→ **WHAT YOU WILL DO**: Restate word for word only the lines running from the one with "wytwory_superbike_red_wzor_pokoj.jpg" to the end of the data, both ends included. Omit any pictures.
-------- DATA SECTION --------
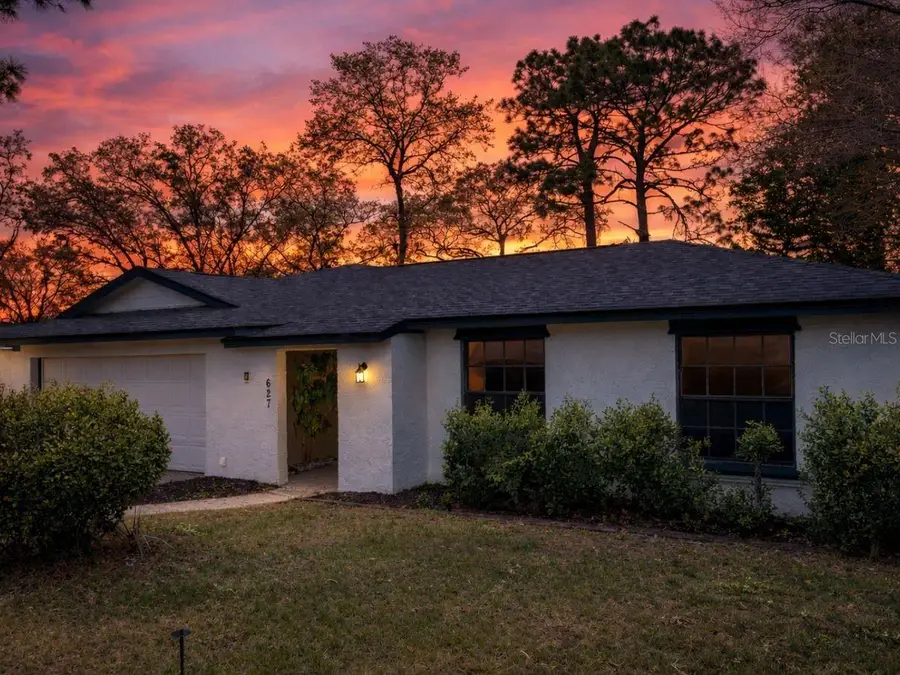 627 Prairie Lane, Altamonte Springs, FL 32714 - #2
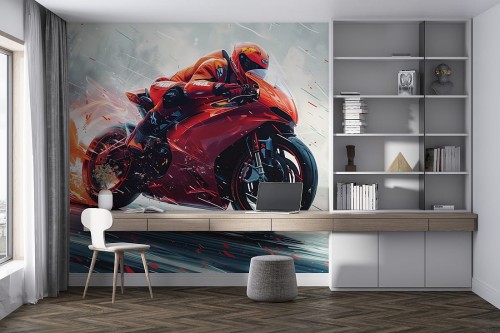 wytwory_superbike_red_wzor_pokoj.jpg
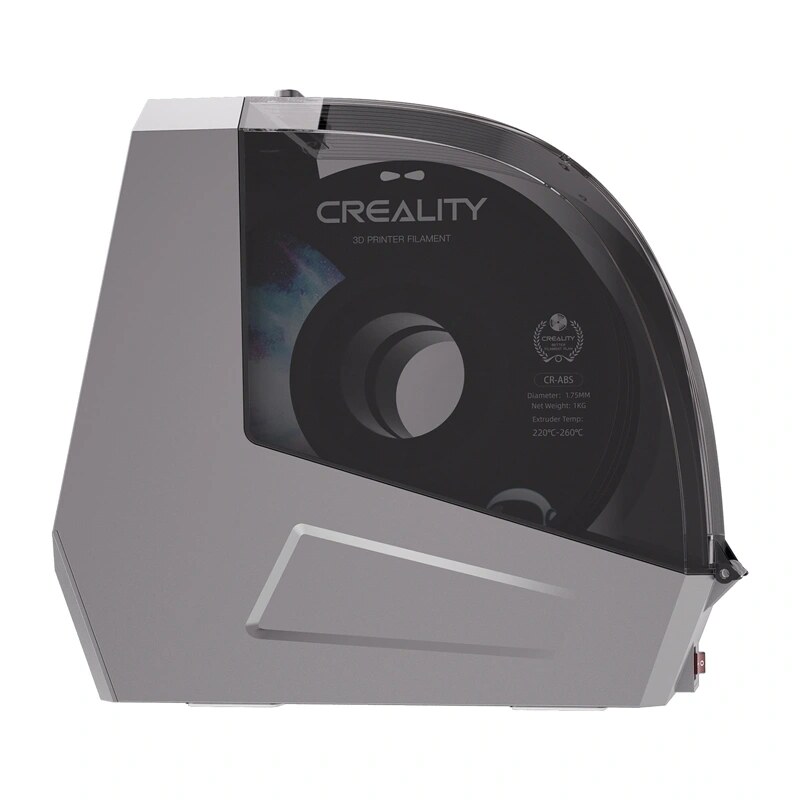 Creality Space Pi Plus V2 Filamenttrockner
--------
→ **TASK SOLUTION**:
 wytwory_superbike_red_wzor_pokoj.jpg
 Creality Space Pi Plus V2 Filamenttrockner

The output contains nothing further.